### Exercise aim
Transcribe the tail of the listing: start at the line containing "H & M Snakeskin" and stop after the last line, keeping every character as is and adding nothing.

### Supplied material
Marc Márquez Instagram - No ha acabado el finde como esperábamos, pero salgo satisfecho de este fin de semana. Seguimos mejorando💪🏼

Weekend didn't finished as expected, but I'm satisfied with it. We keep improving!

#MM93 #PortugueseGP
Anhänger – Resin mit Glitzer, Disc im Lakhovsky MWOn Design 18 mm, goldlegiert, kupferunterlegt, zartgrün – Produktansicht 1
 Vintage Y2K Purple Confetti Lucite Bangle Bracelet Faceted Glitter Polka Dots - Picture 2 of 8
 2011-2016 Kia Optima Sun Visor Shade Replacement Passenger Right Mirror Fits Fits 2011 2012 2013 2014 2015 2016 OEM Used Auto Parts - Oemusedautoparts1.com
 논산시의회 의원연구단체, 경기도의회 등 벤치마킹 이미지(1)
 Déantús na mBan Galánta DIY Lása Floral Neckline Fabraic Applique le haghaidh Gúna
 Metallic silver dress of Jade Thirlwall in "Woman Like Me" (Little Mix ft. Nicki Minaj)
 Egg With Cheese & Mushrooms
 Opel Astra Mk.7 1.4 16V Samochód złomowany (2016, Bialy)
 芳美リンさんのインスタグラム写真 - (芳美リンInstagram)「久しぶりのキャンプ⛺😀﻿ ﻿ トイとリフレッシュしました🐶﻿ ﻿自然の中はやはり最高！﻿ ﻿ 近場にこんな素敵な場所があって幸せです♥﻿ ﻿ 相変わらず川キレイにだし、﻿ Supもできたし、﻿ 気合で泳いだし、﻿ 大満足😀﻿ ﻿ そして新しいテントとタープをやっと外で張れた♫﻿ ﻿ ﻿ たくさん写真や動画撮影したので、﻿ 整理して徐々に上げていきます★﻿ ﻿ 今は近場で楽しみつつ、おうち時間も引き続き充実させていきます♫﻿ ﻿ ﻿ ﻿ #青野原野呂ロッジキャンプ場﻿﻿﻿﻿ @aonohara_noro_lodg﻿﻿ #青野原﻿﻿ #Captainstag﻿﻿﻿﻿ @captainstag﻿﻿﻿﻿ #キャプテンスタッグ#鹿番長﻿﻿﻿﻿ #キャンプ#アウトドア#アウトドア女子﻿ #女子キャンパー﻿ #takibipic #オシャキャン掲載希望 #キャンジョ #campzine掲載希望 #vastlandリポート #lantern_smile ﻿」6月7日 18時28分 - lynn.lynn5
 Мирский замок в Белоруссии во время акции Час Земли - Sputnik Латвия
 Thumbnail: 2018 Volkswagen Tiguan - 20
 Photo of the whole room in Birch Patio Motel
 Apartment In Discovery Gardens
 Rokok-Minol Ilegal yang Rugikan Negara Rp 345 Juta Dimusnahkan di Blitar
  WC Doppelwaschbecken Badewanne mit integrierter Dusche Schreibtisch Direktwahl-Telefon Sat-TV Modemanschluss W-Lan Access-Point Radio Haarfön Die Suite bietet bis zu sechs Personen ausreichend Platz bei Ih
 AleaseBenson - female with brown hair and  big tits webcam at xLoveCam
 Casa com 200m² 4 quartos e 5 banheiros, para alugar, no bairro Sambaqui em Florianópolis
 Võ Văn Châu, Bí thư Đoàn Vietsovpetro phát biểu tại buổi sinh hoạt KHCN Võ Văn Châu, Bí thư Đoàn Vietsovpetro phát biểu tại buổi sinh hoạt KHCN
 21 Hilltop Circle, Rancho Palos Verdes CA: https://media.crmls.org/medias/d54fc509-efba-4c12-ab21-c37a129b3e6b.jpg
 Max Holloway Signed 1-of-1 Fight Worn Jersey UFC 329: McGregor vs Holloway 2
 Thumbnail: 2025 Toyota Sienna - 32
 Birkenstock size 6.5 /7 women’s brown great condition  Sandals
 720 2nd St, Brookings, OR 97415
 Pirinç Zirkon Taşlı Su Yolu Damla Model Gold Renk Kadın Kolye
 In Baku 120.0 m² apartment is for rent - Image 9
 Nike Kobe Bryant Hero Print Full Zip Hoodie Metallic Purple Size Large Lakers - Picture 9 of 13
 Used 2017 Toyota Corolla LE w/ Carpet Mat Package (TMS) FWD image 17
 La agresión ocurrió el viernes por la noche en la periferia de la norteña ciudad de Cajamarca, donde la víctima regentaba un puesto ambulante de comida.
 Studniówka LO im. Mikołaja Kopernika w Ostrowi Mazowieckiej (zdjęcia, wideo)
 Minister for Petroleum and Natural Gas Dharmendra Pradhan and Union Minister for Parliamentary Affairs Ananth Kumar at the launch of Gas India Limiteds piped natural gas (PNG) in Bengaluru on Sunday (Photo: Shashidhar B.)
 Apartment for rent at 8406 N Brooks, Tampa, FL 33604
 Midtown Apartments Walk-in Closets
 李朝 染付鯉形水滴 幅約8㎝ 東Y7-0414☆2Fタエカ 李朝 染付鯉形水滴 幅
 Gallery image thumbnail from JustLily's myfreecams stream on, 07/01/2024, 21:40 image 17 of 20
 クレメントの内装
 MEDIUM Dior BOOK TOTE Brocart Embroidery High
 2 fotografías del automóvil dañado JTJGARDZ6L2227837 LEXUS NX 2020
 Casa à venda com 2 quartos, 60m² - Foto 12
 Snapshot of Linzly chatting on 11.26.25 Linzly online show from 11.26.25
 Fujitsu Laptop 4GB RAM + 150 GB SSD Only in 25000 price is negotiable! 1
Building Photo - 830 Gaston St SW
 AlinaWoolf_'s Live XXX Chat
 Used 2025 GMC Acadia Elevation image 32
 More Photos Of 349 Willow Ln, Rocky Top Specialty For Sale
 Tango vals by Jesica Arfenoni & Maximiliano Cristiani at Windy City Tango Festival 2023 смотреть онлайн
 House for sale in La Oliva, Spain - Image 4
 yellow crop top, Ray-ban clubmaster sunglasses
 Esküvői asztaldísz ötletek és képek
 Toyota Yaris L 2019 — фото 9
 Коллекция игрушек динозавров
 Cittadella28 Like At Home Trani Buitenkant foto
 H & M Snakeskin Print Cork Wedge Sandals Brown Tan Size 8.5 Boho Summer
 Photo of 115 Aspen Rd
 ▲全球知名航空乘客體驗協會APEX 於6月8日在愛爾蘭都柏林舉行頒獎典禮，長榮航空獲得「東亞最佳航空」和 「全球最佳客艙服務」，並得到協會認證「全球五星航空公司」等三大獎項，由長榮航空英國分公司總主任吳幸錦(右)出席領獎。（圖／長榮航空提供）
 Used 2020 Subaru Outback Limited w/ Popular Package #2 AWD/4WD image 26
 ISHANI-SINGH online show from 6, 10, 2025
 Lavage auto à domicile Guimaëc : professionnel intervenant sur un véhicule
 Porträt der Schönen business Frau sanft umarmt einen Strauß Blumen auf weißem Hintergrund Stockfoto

### Your response
 H & M Snakeskin Print Cork Wedge Sandals Brown Tan Size 8.5 Boho Summer
 Photo of 115 Aspen Rd
 ▲全球知名航空乘客體驗協會APEX 於6月8日在愛爾蘭都柏林舉行頒獎典禮，長榮航空獲得「東亞最佳航空」和 「全球最佳客艙服務」，並得到協會認證「全球五星航空公司」等三大獎項，由長榮航空英國分公司總主任吳幸錦(右)出席領獎。（圖／長榮航空提供）
 Used 2020 Subaru Outback Limited w/ Popular Package #2 AWD/4WD image 26
 ISHANI-SINGH online show from 6, 10, 2025
 Lavage auto à domicile Guimaëc : professionnel intervenant sur un véhicule
 Porträt der Schönen business Frau sanft umarmt einen Strauß Blumen auf weißem Hintergrund Stockfoto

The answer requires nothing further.